Green For The Masses

"The Green Movement" that I see forming is not as envisioned by those who started it. It has become what so many concepts do in this economic model: another product line

I spent time at the GoGreen Expo in Los Angeles earlier this year. I went to see the film "Fuel". I'm checking out Whole Foods.

What I see isn't a philosophy of stewardship of the earth, care for the environment and efficient management of resources. It has become another form of consumption. A product line for the affluent. Organic products and eco-friendly products have a higher cost, especially food. This is not for low-income households & people.

The thing that isn't said but certainly promoted in the aisles of the Green Expo is Consumption. Let's get that word out there: Consumption. In our case with a fair amount of entitlement. It's a necessary component to our economy, which for many can do no wrong. Well the truth is it does. One thing that has shown to be completely Unsustainable is industrialized levels of consumption. Namely the U.S. as we consume more energy and goods & services than any other nation on earth.
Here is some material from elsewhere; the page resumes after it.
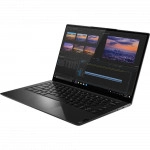 Ноутбук Lenovo Yoga Slim 9 14ITL5 82D10059RK (14 ", FHD 1920x1080 (16:9), Core i7, 16 Гб, SSD)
The film "Fuel" had a lot of good info in it. Especially the first 20 minutes. Resource use, pollution, oil's connection to warfare. Very good do be discussing these topics. And his graphic in the last 30 minutes of an oil barrel showing many resources will be necessary to fill in the decline of oil with other energy sources. But this promotes the same thing: Consumption, unchanged. Or said another way: The status quo. And the underlying message is that we're fine consuming on these levels, but we'll do it sustainably.

Further in the film there is image projection of celebrity, wealth, the rich & famous lifestyles. The most explicit example being the celeb in her mansion with her personal fleet of cars that is the mouthpiece for "I love my Prius". It's completely absurd. It promotes wealth & affluence over responsibility and stewardship even though the film does have good ideas in it. Stop ignoring Consumption! It's the very heart of the matter!
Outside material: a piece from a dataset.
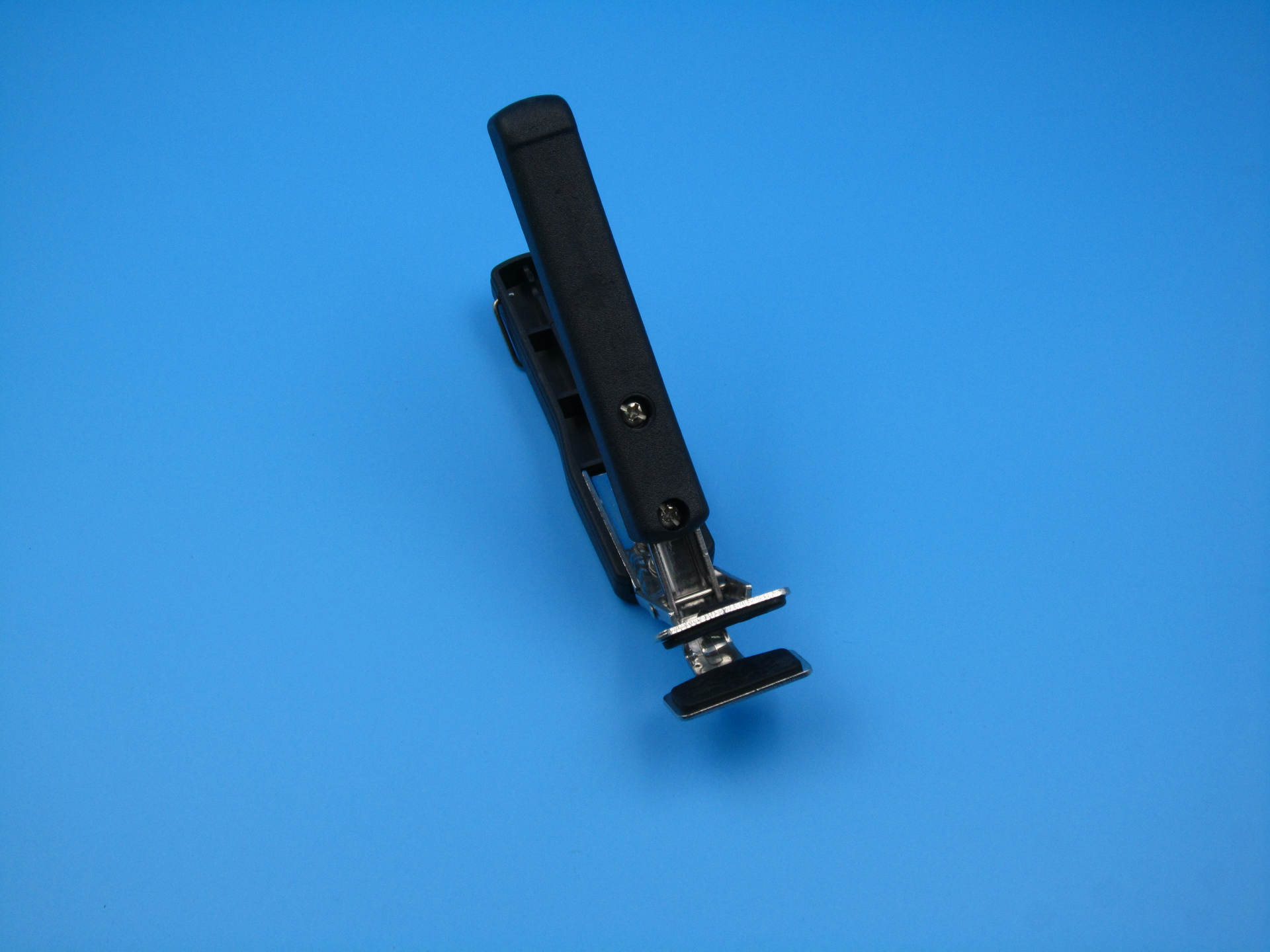 取物夹 取碗夹 碟夹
Why push & struggle and promote 300 million cars as fine? The advertised message is to make finding gas for them the problem. And it's not. What else then? Perhaps the multiplicity of 300 million cars for 300 million individuals isn't good for anyone but those who sell cars? What about 300 million cars being a monumental waste of resource to make and move? How else could we move around, transport people & goods where they need to go? There could be better ways.. But it's not talked about much. It's always about how we need to find ways to make more gas, or gas alternatives.
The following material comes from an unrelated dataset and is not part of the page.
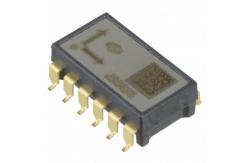 China SCA100T-D01-1 supplier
In relation, our consumption creates massive amounts of waste and pollution. With waste; check out our landfills. And with pollution; industry has created mass environmental degradation. We also export a lot of our environmental problems overseas. If we strip mine another country's forests for our use, we’ve exported our local deforestation to that country (Haiti). If we over-fish another country’s waters we've exported depletion of that resource + habitat destruction from our shores to theirs (Mexico).

Our levels of consumption are not good for us, they are not good for the people that are exploited to make goods for the US market (workers in Wal-Mart's Chinese factory make .13cents/hour to bring you your savings here).

So while “The Green Movement” contains good ideas and invention within the products themselves, the whole Green/Organic concept, as usurped by the free market, has become an expensive product line for those that can afford it.

I think one could see it like this:

Society's addiction: Consumption
The Payoff : Lifestyle
The Cost : debt, economic slavery, limited technology, waste, pollution, worsening health, environment destruction, war and deprivation around the globe.

Pretty giant costs for the payoff. Some people fall victim to the costs for sure; ie.Lose your house, bank kills your credit report, Lose a son or daughter in the war, Lose your job and go into poverty, your new computer is obsolete in 5 months, your car or electronic device fails shortly after purchase. etc.

If you really want to read about what change is needed for levels of consumption, check out the Oil Depletion Protocol. It’s an example that can be extrapolated out for other areas of consumption as well.